Picardy became part of the royal domain by the 13th century but during the Hundred Years' War the kings of France lost control of it to the English until French royal power was gradually restored in the 15th century. Contention between the French kings and the dukes of Burgundy over the Somme towns began in the 1420s and lasted for a century. It was initially settled by the Treaty of Arras, 1435, by which Charles VII of France transferred the Somme towns to Philip the Good of Burgundy. It was not an absolute transfer, however, as the towns were security for a loan to Charles and could be bought back by the French king at any time for 400,000 écus.

The towns remained in the hands of Philip the Good for the next 30 years, however Charles's successor Louis XI bought them back in 1463. This was a major triumph for Louis in the early years of his reign as it formed a key part of his strategy to extend the royal domain and power. Philip's son, Charles the Bold was angered by this and pressed for their return which he achieved by the Treaty of Conflans 1465. This provided that the king could not redeem them until after Charles's death.
However, the conflict between Charles and Louis continued including through the Burgundian Wars which culminated in the defeat and death of Charles at the Battle of Nancy in 1477. The Somme towns were one of the Burgundian territories which Louis then seized and annexed.
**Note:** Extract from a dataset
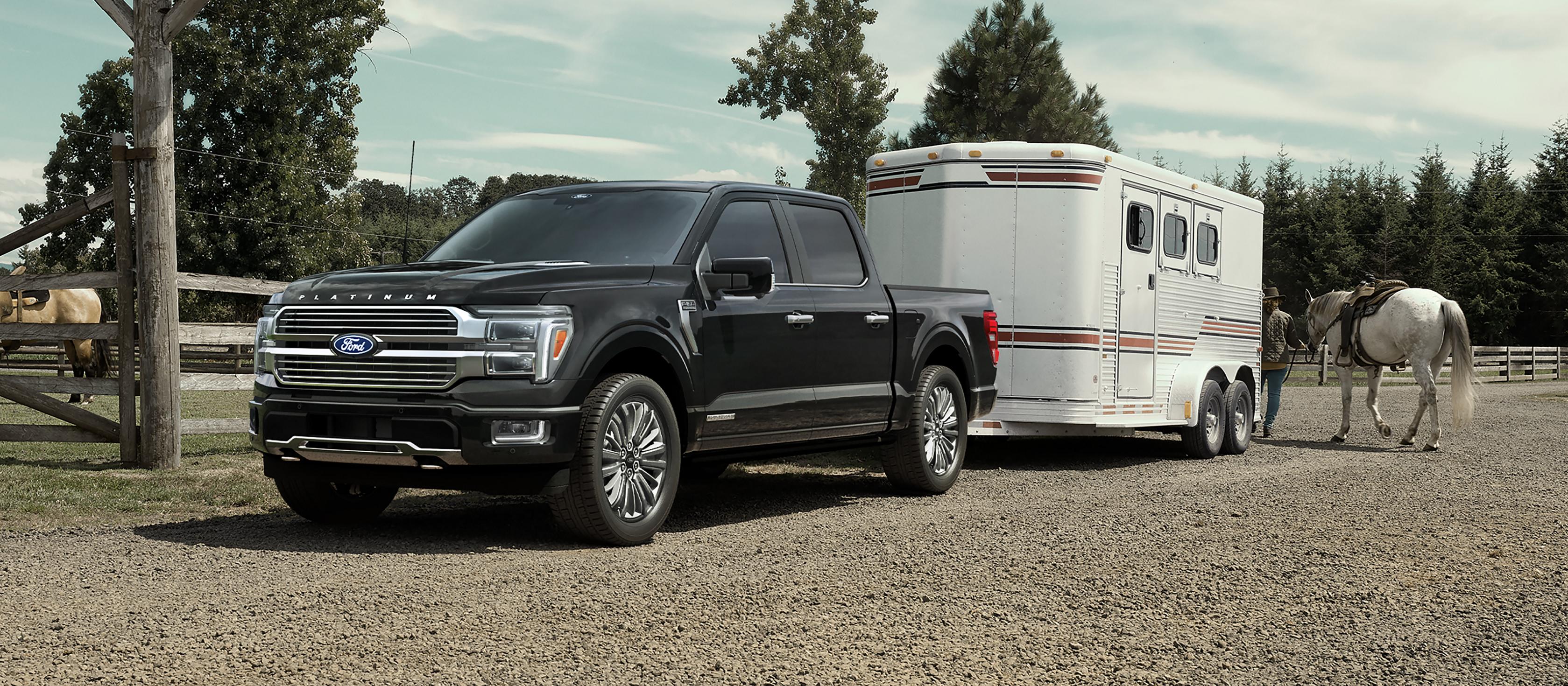 2026 Ford F-150® Platinum® pickup in Agate Black hitched to a horse trailer parked near a ranch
They remained a point of contention between France and Charles's Habsburg heirs until Charles V gave up his claims to them at the Treaty of Cambrai of 1529.

==Sources==
===Bibliography===
- Barnett, Correlli (1974). "Marlborough"
- Blockmans, Wim (1999). "The Promised Lands: The Low Countries Under Burgundian Rule, 1369-1530"
- Demolon, Pierre (1988). "Mottes et maisons-fortes en Ostrevent médiéval"
- Flatrès, Pierre (1980). "Atlas et géographie du Nord et de la Picardie"
- Kekewich, Margaret L. (2008). "The Good King: René of Anjou and Fifteenth Century Europe"
- Knecht, Robert (2007). "The Valois: Kings of France 1328-1589"
- Koenigsberger, H.G. (2001). "Monarchies, States Generals and Parliaments: The Netherlands in the Fifteenth and Sixteenth Centuries"
- Murphy, Neil (2020). "Visible Exports / Imports: New Research on Medieval and Renaissance European Art and Culture"
- Potter, David (2003). "War and Government in the French Provinces"
- Price-Wilkin, Rebecca (1997). "The Late Gothic Abbey Church of Saint-Riquier: An Investigation of Historical Consciousness"
- Shaw, Christine (2018). "The Encyclopedia of Diplomacy"
- Stein, Robert (2017). "Magnanimous Dukes and Rising States: The Unification of the Burgundian Netherlands, 1380-1480"
- Sumption, Jonathan (1991). "The Hundred Years War"
- Vaughan, Richard (1975). "Valois Burgundy"
- Vaughan, Richard (2002a). "Philip the Good: The Apogee of Burgundy"
- Vaughan, Richard (2002b). "Charles the Bold: The Last Valois Duke of Burgundy"
- Verbruggen, J.F. (1997). "The Art of Warfare in Western Europe During the Middle Ages: From the Eighth Century to 1340"
- Walsh, R.J. (2005). "Charles the Bold and Italy (1467-1477): Politics and Personnel"

===Websites===
- INSEE (2024). "Commune de Crèvecœur-sur-l'Escaut"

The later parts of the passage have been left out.